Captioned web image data
_____
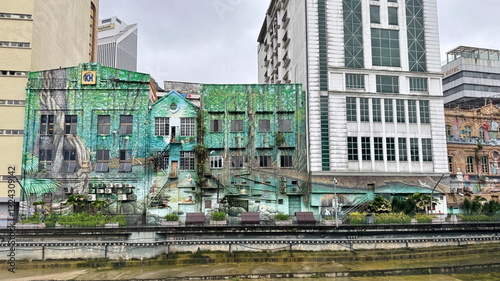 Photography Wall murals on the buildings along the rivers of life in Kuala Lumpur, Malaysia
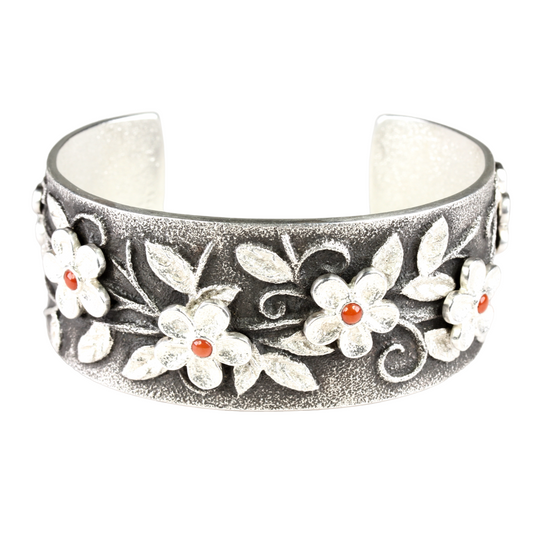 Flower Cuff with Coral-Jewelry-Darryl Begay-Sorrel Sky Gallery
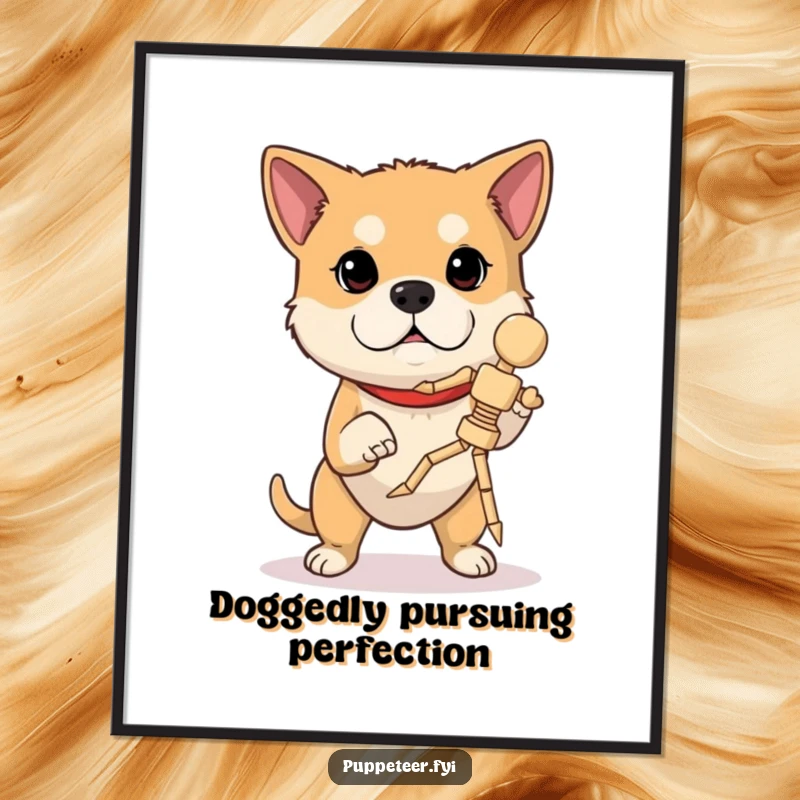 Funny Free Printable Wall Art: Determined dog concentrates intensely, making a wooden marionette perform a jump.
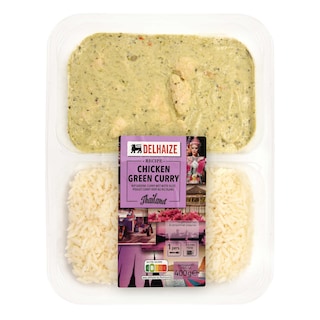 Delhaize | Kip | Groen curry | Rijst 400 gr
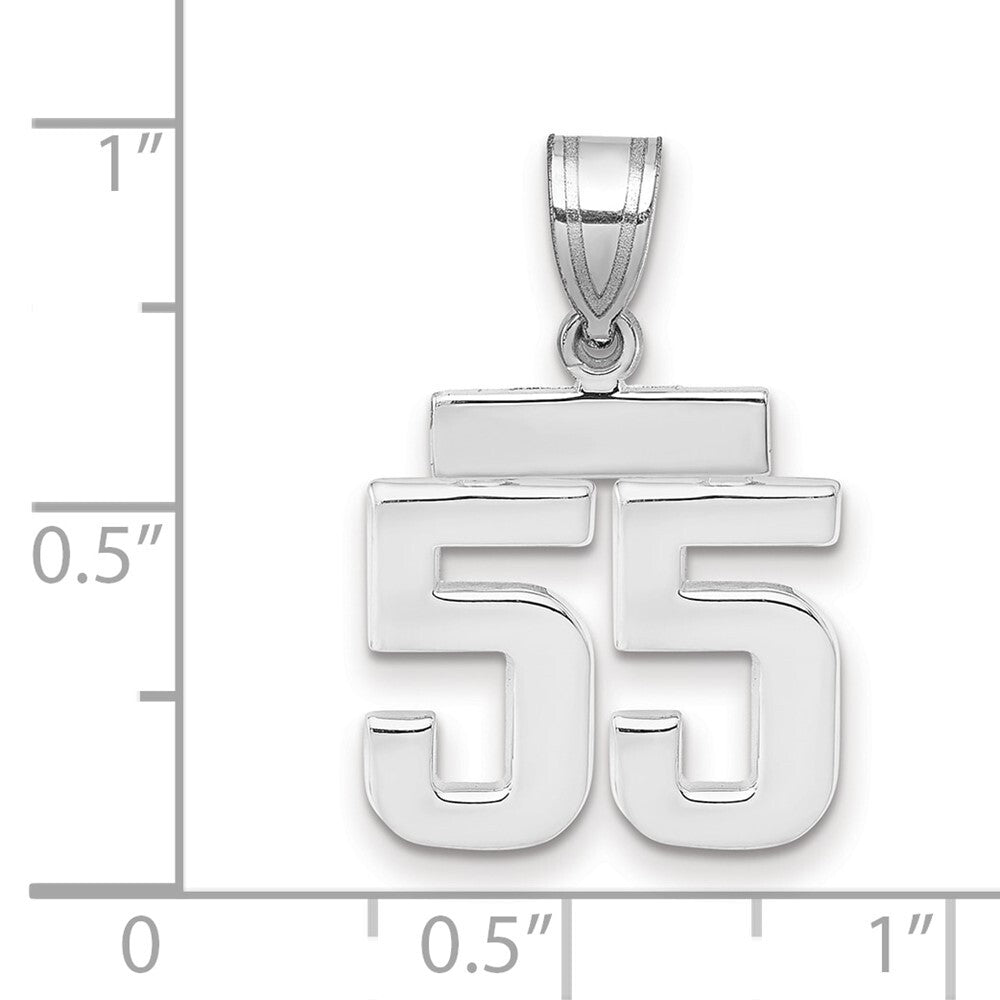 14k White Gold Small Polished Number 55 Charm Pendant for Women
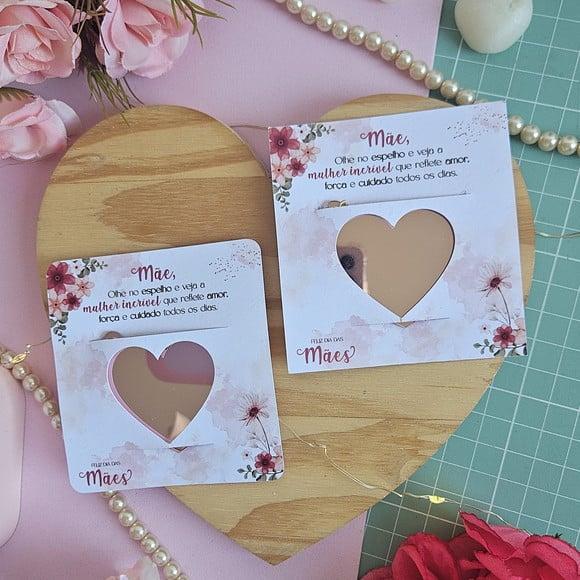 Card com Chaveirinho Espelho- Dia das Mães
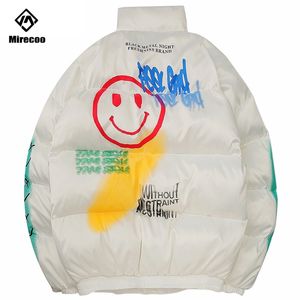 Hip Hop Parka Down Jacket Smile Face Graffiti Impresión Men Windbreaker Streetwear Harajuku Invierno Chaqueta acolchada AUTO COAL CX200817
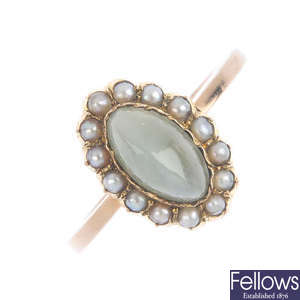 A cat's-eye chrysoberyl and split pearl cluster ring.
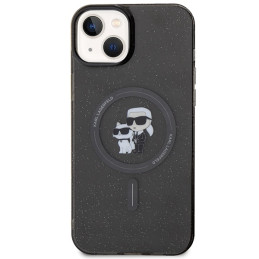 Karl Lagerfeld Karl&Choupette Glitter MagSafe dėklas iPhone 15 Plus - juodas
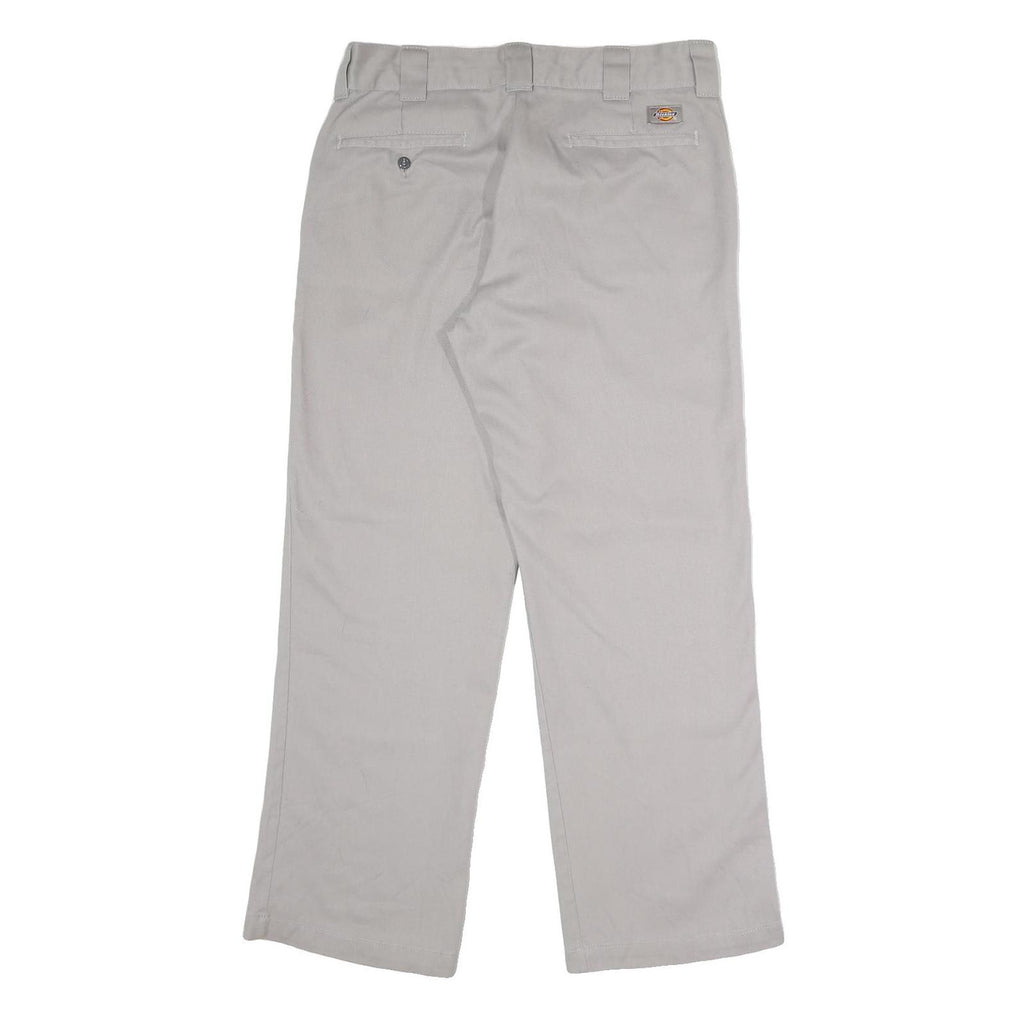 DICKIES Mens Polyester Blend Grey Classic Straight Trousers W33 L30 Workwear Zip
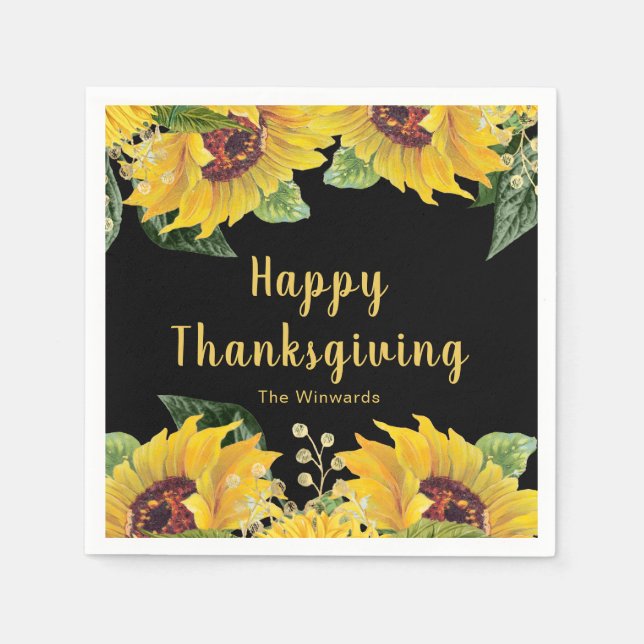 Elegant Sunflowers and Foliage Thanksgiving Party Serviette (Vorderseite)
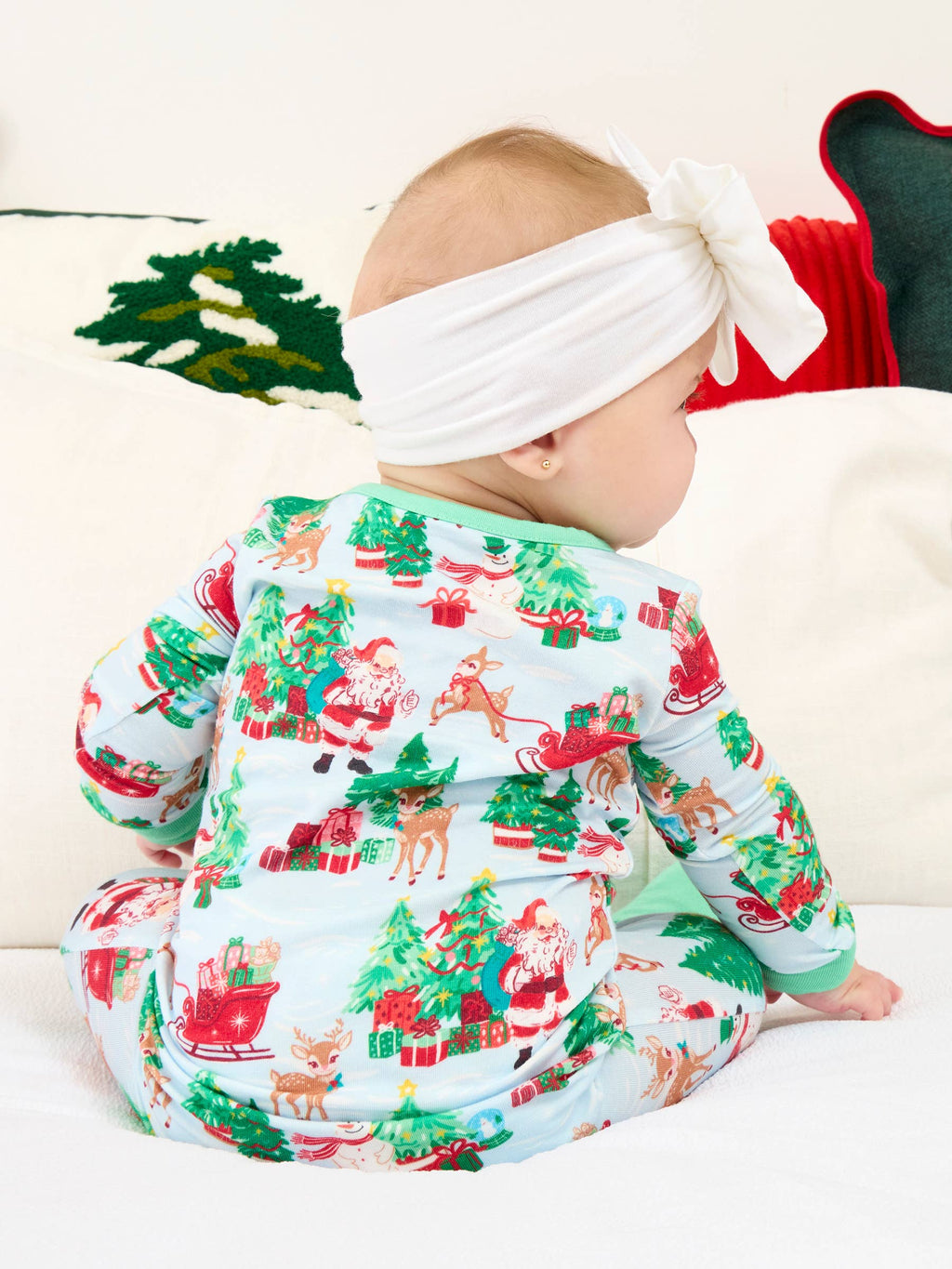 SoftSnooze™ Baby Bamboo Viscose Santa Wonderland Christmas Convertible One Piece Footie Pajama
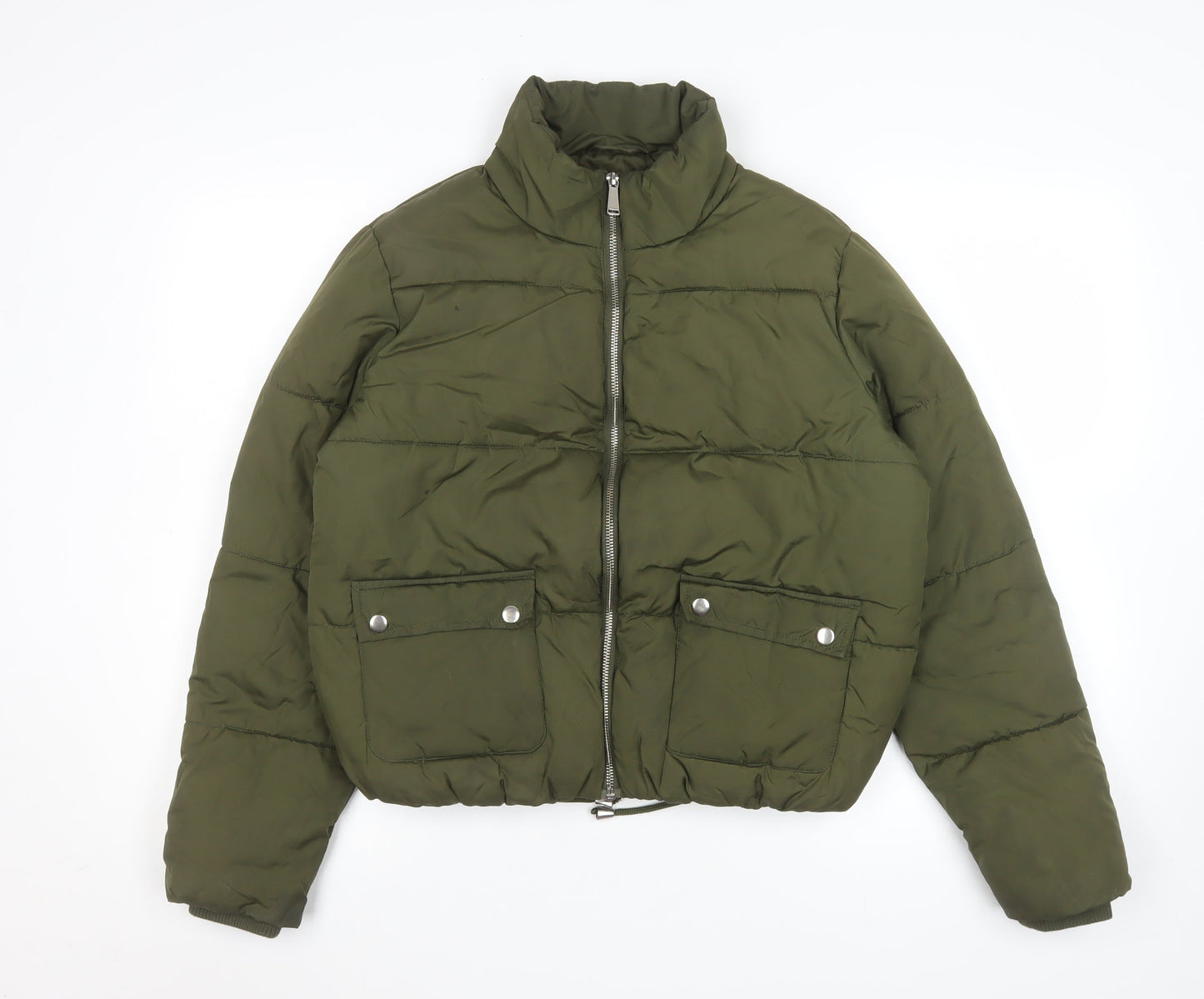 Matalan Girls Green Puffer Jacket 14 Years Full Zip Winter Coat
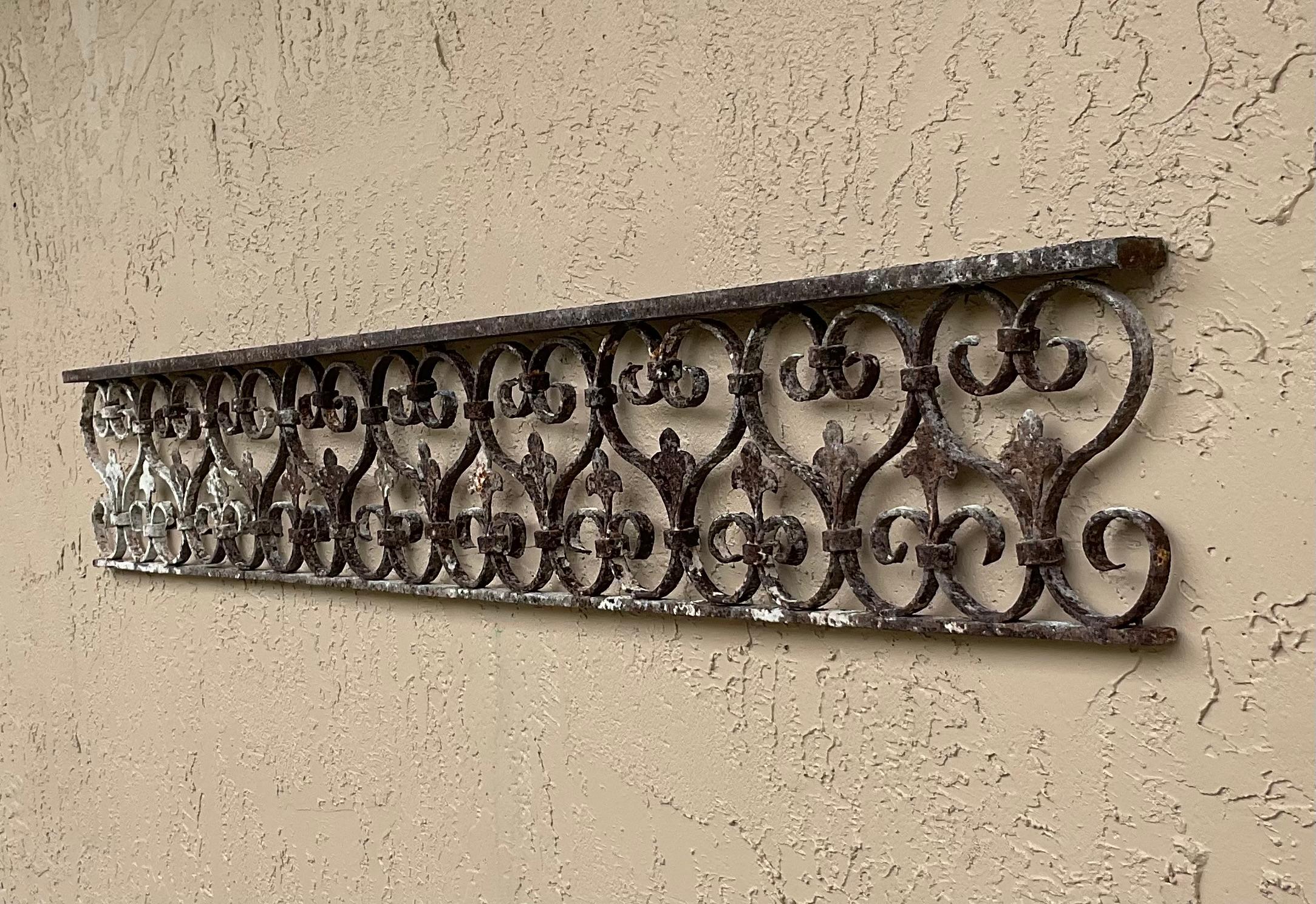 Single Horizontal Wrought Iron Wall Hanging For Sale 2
_____
** Work task **
Retype all of the entries exactly as written, leaving out any images.

** Exercise result **
 Photography Wall murals on the buildings along the rivers of life in Kuala Lumpur, Malaysia
 Flower Cuff with Coral-Jewelry-Darryl Begay-Sorrel Sky Gallery
 Funny Free Printable Wall Art: Determined dog concentrates intensely, making a wooden marionette perform a jump.
 Delhaize | Kip | Groen curry | Rijst 400 gr
 14k White Gold Small Polished Number 55 Charm Pendant for Women
 Card com Chaveirinho Espelho- Dia das Mães
 Hip Hop Parka Down Jacket Smile Face Graffiti Impresión Men Windbreaker Streetwear Harajuku Invierno Chaqueta acolchada AUTO COAL CX200817
 A cat's-eye chrysoberyl and split pearl cluster ring.
 Karl Lagerfeld Karl&Choupette Glitter MagSafe dėklas iPhone 15 Plus - juodas
 DICKIES Mens Polyester Blend Grey Classic Straight Trousers W33 L30 Workwear Zip
 Elegant Sunflowers and Foliage Thanksgiving Party Serviette (Vorderseite)
 SoftSnooze™ Baby Bamboo Viscose Santa Wonderland Christmas Convertible One Piece Footie Pajama
 Matalan Girls Green Puffer Jacket 14 Years Full Zip Winter Coat
 Single Horizontal Wrought Iron Wall Hanging For Sale 2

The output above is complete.